Extracted information.
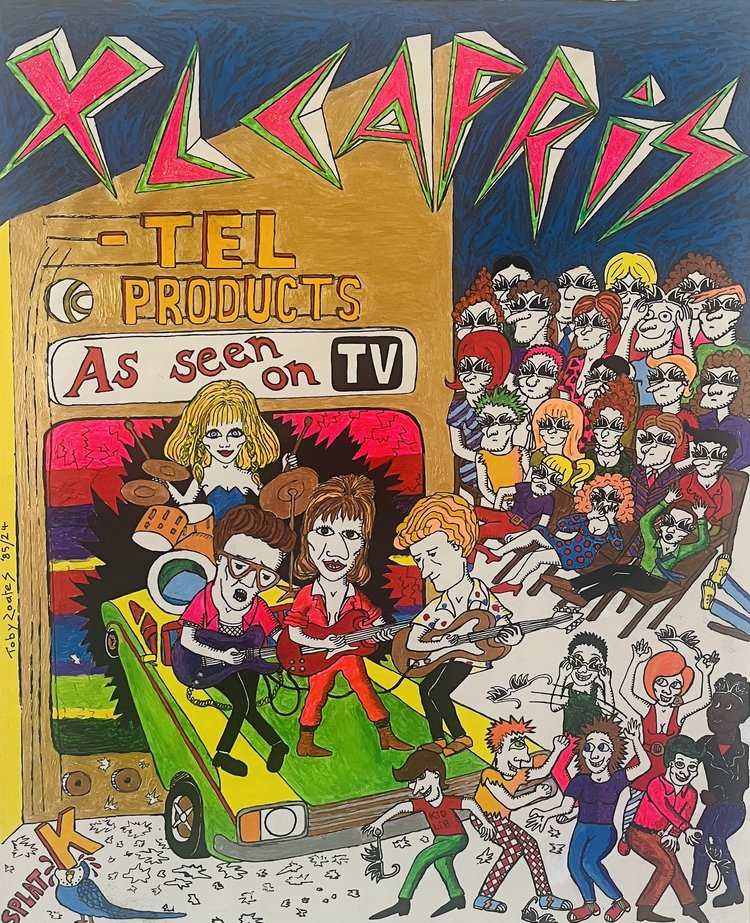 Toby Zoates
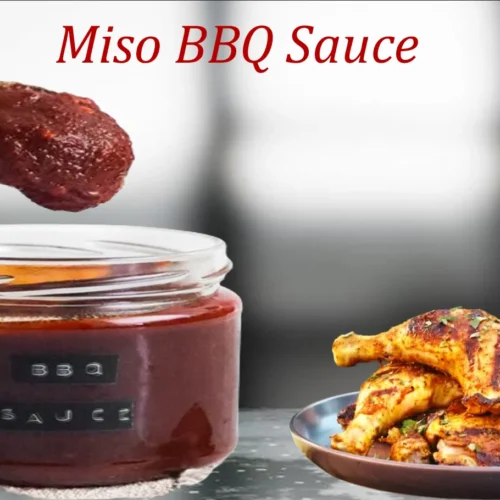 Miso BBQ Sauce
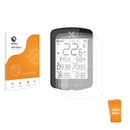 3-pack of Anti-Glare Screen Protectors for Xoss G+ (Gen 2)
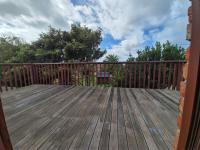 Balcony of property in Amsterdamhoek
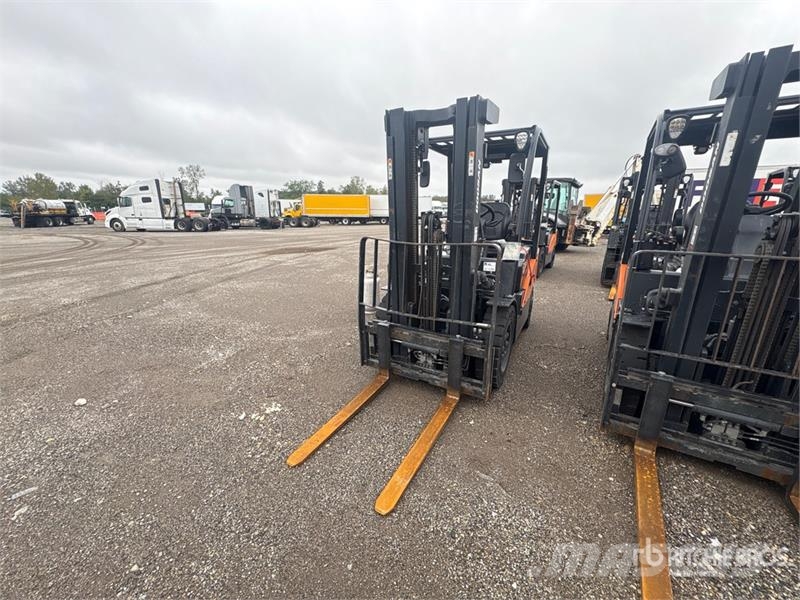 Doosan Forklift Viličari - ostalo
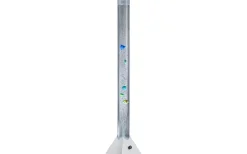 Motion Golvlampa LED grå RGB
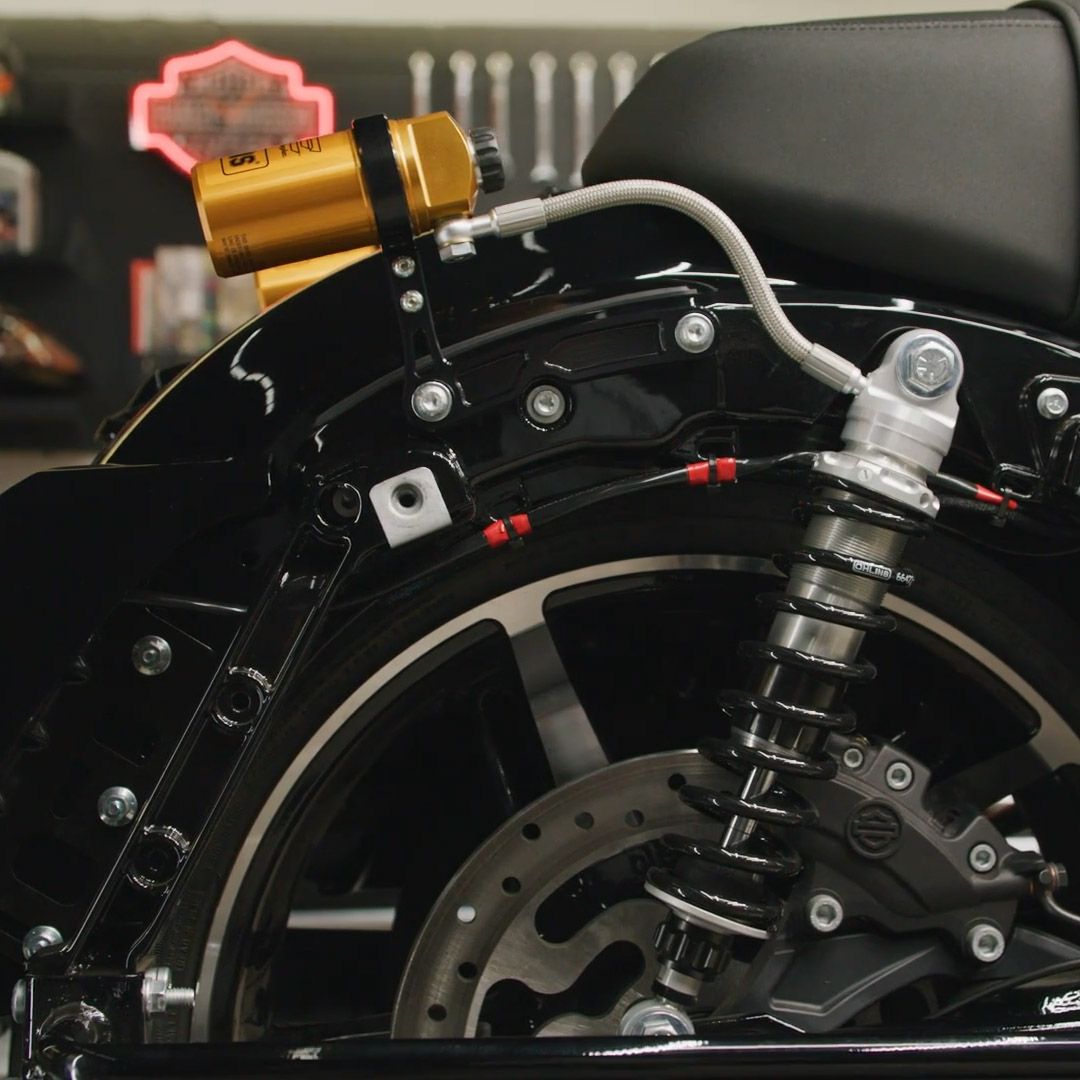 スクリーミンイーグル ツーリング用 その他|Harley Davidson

The task.
Word for word, reproduce each line from the one with "Motion Golvlampa LED grå RGB" through the last line of the material above, both included, and drop the pictures.

Task answer.
 Motion Golvlampa LED grå RGB
 スクリーミンイーグル ツーリング用 その他|Harley Davidson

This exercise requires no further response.